**DATA SECTION:**

....

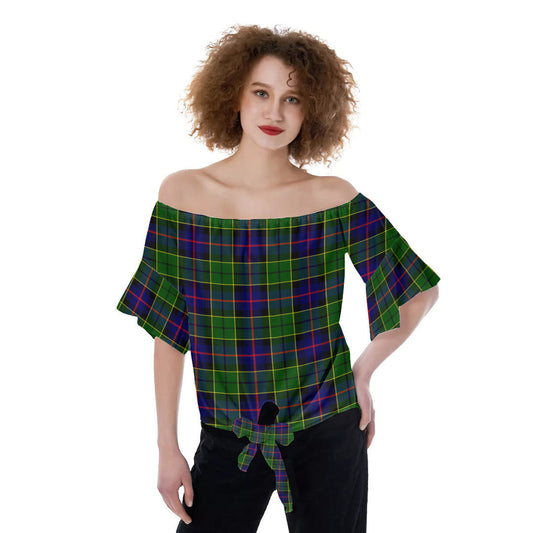 Forsyth Modern Tartan Plaid Off-Shoulder Blouse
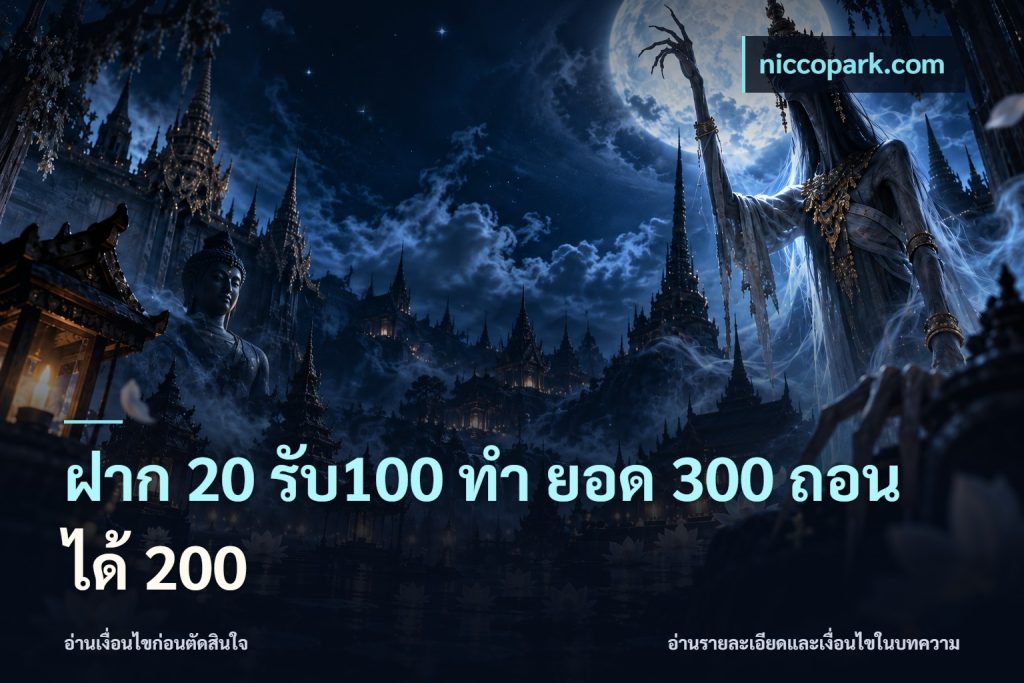 ฝาก 20 รับ100 ทํา ยอด 300 ถอนได้ 200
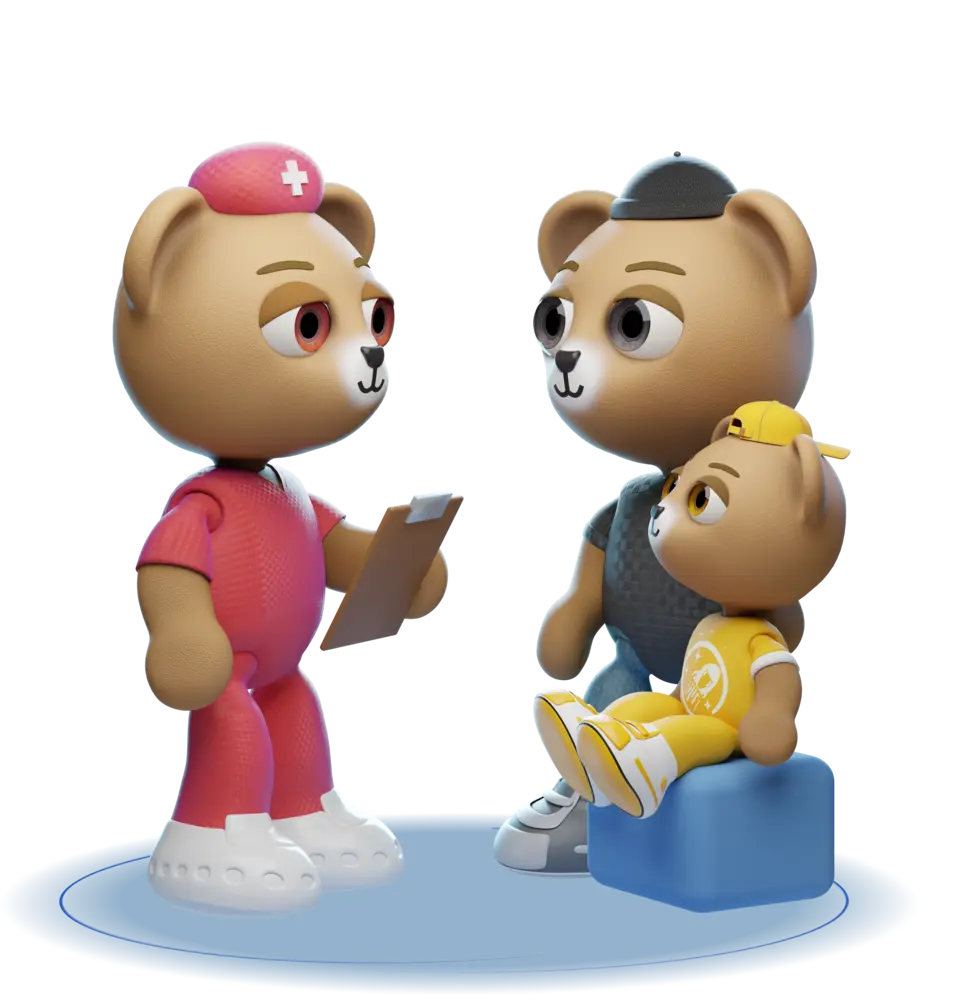 Teddy Chat nurse explaining care to parent and child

....

**TASK DESCRIPTION:**
Write out the line that contains "ฝาก 20 รับ100 ทํา ยอด 300 ถอนได้ 200" and every line after it to the end of the data, exactly as they stand. Omit the pictures.

**ANSWER BOX:**
 ฝาก 20 รับ100 ทํา ยอด 300 ถอนได้ 200
 Teddy Chat nurse explaining care to parent and child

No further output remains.